Действительно, днём в результате масштабной операции ОВРА были арестованы руководитель неаполитанского отделения КПИ Эудженио Реале и одновременно с ним ещё двенадцать членов партии. Главе отдела прессы и пропаганды Алессандро Вигдорчику удалось скрыть бумаги со списками членов и схемой организации – и только это спасло её от окончательного разгрома. (Для итальянцев Вигдорчик русский, но на самом деле, само собой, его родители были белостокскими евреями и бежали из Российской Империи от погромов; кажется, это его папа – зубной врач, частый гость и постоянный собеседник Горького, а двоюродная сестра Роза Раиза (Ривка Бурштейн) – оперная суперзвезда, напарница Карузо, первая исполнительница партии Турандот.) Работу неаполитанского отделения КПИ кое-как удастся восстановить только через месяц. Новым штабом организации станет квартира профессора Джулиано Бонфанте – лингвиста, знаменитого этрусколога и индоевропеиста; надо думать, заседания секретариата отделения проходили под крики новорождённой дочери, которая, когда вырастет, станет ещё более знаменитым этрускологом, профессором Нью-Йоркского университета, и доживёт до 2019 года. Конечно, активность ячейки никогда больше не восстановится полностью. В 1932 году удастся наладить связь с центральным комитетом партии, а в 1933 году организовать демонстрацию, на которую выйдут около ста пятидесяти человек – более шестидесяти будут арестованы, и эта самоубийственная акция станет последней крупной акцией отделения. Некоторые неаполитанские коммунисты будут позже воевать в Испании, некоторые – оказывать юридическую помощь рабочим, но как действующая сила организация восстановится только в 1943 году, когда коммунисты выйдут на свободу и вернутся в Неаполь, – но это будет уже совсем другая история. 24 октября 1945 года произойдёт «раскол Монтесанто», когда часть партийцев обвинят Эудженио Реале в политике соглашательства с буржуазными партиями и потворстве бывшим фашистским лидерам, попытаются перехватить руководство партией и потерпят поражение. Сам Эудженио Реале разочаруется в партии в 1956-м, после Будапешта, выйдет из неё, громко хлопнув дверью, и к концу своей жизни в 1986 году перейдёт на едва ли не антикоммунистические позиции. Что будет с Алессандро Вигдорчиком, мы не знаем.

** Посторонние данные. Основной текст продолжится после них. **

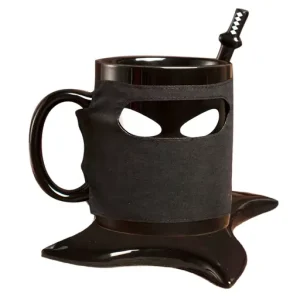 Creative Ninja Ceramic Mug with Mask Sword and Spoon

И тем более не знает этого наш герой Паоло. Паоло выносит Саше папку, закрывает за ним дверь и ещё с минуту глядит ему вслед – Вигдорчик растворяется в вечерних сумерках и сливается с темнотой.
Паоло возвращается в проявочную. Ему бы надо чувствовать облегчение, но то, что он чувствует, скорее похоже на опустошение: как будто за этот длинный день папка стала частью него – проблемной, вроде больной руки или ноги, но всё же полноправной – никто же не согласится спокойно расстаться с рукой или ногой. И вот теперь её нет.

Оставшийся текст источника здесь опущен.